After a botched spinal operation left her partially paralysed aged forty-five, Bizzie Frost found herself unable to enjoy the active lifestyle she loved in Saudi Arabia. That was remedied six years later when her airline captain husband, Frosty, proposed they buy a Harley-Davidson. An invitation to join friends on a 2,500km ride to Oman was irresistible and they bought a customised Road King. They named her Maridadi, meaning 'beautiful' in Swahili.
Travels with Maridadi is an epic account of their adventures on Maridadi in Saudi Arabia, a country rarely visited by outsiders during the thirty years that Bizzie called it home. Riding pillion with Frosty, she travelled thousands of kilometres across the deserts and mountains of the Kingdom, as well as other Middle Eastern countries. Her stories and photographs breathe life into the scenery, people and culture of the Kingdom, and convey the freedom and healing power of motorcycling on the open road.
Kenya-born Bizzie Frost moved to Saudi Arabia with her family in the 1980s. With adventure in her blood, she’s travelled extensively and worked as a journalist and photographer for over thirty years. At forty-five, a spinal operation left her partially paralysed, but a Harley-Davidson fulfilled her cravings for excitement and the open road. Travels with Maridadi is Bizzie’s first book.
John Cleave (Guest Review) - 03 May, 2023
Hitch a ride with this feisty lady, a white African removed from her beloved homeland, and discover, not only new worlds and a strange kingdom but learn also what the heart must endure to escape the confines of a four wheeled wheelchair to the two-wheeled adrenaline of an Arabian desert safari to the accompaniment of thunder exhausts. This is not a soft or pretty story, but a fearless portrait by a gifted photographer and journalist, told with wit, humour and determination and a keen observation of the human adventure of being alive.
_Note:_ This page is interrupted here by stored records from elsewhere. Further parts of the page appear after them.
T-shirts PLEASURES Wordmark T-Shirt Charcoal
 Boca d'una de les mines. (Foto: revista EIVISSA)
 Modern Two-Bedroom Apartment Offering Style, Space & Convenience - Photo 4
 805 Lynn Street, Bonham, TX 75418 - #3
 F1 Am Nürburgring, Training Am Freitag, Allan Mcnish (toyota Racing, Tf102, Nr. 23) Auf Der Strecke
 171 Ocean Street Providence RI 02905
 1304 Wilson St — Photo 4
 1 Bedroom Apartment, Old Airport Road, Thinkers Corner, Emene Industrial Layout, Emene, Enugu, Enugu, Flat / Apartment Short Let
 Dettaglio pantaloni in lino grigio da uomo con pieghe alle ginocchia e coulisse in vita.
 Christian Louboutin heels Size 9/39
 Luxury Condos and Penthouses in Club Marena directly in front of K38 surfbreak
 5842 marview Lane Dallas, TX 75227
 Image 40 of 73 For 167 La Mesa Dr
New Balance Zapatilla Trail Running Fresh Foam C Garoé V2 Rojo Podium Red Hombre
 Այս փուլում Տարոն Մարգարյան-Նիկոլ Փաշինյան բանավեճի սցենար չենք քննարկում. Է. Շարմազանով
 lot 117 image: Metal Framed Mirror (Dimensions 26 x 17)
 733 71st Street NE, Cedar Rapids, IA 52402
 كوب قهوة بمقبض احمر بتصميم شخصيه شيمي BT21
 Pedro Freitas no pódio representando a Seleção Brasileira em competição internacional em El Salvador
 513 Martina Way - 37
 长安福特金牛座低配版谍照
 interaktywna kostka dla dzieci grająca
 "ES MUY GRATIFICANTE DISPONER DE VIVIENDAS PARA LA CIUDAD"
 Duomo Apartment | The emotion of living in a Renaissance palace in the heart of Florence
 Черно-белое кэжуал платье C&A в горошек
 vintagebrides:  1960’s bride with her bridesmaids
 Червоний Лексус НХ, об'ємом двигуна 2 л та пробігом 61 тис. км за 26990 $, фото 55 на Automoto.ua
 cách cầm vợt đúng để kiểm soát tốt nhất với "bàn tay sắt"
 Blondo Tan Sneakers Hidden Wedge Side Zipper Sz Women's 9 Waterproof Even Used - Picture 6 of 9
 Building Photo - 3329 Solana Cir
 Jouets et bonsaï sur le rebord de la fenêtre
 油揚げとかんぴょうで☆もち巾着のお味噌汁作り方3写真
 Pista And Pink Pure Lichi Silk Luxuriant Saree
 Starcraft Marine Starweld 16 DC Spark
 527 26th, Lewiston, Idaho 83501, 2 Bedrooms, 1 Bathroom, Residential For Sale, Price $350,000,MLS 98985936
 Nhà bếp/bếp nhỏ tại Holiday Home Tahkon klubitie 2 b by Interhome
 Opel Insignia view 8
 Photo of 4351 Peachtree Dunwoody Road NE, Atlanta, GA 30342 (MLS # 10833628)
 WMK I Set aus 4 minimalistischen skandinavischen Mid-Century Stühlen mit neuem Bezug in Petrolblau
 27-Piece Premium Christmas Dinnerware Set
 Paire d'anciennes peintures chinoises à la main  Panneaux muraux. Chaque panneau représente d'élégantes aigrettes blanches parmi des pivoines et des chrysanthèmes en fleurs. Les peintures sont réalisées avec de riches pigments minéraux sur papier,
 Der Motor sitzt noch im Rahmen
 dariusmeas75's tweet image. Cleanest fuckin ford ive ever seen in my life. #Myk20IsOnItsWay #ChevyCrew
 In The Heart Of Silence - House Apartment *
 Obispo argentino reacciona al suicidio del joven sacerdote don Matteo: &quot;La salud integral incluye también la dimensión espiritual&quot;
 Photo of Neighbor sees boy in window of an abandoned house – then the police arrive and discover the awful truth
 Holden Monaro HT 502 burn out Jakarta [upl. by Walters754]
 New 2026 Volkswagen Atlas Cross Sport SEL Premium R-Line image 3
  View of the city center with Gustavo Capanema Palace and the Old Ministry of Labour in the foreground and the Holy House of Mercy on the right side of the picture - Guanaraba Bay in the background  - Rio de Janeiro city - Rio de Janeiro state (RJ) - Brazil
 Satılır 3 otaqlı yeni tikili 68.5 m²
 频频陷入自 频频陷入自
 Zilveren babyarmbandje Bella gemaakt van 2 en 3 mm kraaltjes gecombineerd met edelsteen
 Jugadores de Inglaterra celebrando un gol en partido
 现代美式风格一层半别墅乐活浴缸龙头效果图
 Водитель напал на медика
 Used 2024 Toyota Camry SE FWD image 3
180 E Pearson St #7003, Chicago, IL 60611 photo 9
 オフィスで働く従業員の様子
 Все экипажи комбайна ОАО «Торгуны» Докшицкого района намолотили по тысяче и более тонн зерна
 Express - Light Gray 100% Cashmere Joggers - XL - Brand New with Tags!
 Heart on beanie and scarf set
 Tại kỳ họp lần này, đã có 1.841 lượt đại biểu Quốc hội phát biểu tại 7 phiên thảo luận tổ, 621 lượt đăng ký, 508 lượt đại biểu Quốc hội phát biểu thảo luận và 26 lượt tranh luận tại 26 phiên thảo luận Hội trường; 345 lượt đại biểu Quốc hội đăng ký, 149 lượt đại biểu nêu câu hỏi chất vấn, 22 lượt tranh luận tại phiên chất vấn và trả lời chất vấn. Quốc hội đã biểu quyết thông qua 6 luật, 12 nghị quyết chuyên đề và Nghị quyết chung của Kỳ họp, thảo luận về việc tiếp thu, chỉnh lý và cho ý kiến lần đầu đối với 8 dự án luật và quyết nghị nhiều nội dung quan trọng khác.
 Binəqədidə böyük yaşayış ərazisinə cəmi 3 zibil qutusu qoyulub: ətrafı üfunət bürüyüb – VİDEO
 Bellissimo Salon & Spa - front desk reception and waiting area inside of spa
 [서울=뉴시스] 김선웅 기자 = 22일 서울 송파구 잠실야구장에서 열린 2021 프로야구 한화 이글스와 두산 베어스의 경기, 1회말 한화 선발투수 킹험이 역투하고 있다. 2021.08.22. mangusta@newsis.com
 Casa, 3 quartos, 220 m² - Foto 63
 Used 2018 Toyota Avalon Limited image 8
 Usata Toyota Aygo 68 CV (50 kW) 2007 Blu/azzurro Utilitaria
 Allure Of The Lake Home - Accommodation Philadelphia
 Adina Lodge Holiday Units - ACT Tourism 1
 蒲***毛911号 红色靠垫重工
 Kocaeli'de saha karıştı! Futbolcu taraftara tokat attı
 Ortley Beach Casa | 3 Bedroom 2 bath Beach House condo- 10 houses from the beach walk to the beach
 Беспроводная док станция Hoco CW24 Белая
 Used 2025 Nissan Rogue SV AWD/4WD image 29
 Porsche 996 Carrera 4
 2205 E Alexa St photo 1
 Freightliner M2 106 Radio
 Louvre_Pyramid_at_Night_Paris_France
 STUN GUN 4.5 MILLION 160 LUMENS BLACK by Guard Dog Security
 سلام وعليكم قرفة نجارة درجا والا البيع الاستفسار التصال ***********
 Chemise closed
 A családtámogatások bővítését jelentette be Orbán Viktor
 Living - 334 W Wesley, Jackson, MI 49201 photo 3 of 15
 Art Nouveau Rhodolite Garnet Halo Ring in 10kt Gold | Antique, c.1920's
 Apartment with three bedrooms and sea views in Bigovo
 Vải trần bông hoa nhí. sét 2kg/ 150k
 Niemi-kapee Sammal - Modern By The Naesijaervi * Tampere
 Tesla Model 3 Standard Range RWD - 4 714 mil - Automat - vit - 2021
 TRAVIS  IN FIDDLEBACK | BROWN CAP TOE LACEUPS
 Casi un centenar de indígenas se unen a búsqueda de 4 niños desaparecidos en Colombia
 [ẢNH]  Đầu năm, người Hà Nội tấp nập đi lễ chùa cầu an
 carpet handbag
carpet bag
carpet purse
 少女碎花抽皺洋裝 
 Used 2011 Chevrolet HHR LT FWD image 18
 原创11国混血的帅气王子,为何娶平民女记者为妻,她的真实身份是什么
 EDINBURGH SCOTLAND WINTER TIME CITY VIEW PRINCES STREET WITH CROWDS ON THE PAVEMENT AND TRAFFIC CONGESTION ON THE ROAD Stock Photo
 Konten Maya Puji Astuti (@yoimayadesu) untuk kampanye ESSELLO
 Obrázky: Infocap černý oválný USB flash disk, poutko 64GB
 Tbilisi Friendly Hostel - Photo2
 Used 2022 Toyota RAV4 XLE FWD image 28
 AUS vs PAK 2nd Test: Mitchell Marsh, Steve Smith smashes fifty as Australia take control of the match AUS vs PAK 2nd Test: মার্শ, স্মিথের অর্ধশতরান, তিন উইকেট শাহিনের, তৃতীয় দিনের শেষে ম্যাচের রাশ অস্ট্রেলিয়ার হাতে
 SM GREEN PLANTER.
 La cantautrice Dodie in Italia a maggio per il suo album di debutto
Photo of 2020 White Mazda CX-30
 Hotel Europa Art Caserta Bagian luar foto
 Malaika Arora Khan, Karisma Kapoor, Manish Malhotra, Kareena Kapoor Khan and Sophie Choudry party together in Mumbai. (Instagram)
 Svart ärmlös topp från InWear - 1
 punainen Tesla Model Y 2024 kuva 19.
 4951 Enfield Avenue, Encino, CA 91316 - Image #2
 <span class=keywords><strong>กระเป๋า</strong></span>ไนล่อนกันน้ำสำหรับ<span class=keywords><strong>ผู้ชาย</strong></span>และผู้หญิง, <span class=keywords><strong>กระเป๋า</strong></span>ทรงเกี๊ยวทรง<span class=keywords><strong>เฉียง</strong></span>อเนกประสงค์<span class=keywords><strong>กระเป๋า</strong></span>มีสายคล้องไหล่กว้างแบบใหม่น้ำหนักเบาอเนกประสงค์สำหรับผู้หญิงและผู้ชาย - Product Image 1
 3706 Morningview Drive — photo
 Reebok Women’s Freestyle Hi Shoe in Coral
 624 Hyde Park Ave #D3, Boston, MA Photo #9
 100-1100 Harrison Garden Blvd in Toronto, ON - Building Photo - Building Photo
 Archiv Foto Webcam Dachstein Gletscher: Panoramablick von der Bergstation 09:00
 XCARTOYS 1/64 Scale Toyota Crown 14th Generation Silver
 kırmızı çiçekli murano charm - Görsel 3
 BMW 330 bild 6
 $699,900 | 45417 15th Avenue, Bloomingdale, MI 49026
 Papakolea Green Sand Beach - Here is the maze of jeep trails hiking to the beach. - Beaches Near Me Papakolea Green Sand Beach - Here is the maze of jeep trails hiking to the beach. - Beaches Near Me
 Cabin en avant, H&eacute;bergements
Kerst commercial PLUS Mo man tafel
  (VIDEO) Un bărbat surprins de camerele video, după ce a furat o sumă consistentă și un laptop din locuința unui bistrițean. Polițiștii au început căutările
Allan Jack (Guest Review) - 14 Apr, 2023
I must lay a couple of cards on the table. I know the author and I have lived in Saudi Arabia. that said, I loved this book. It is obvious that Bizzie is a professional writer as the book reads like an adventure novel and I couldn’t wait to turn the next page. In fact, I had to restrain myself from reading it all in one go. It was a bit like one of those ‘All you can eat banquets’ - when do you stop? I’ve been to many of the places cited but some I hadn’t been to such as the Azir and Najran regions. The memories I had of mutual friends flooded back as Bizzie recounted her story. Two aspects of the book impressed me the most. One is that she never shied away from describing the aspects of Saudi life that were difficult especially for a ‘disabled’ woman although I did chuckle when Frosty (her husband blamed her for getting them into trouble with the authorities by taking photos of a military convoy. The other was her writing of the unexpected emotions stirred by their last ride from Yanbu to Jeddah. the book is a veritable triumph and should be read by anyone with a passing interest in the region. Oh, and there is some classic name-dropping as well!!!!.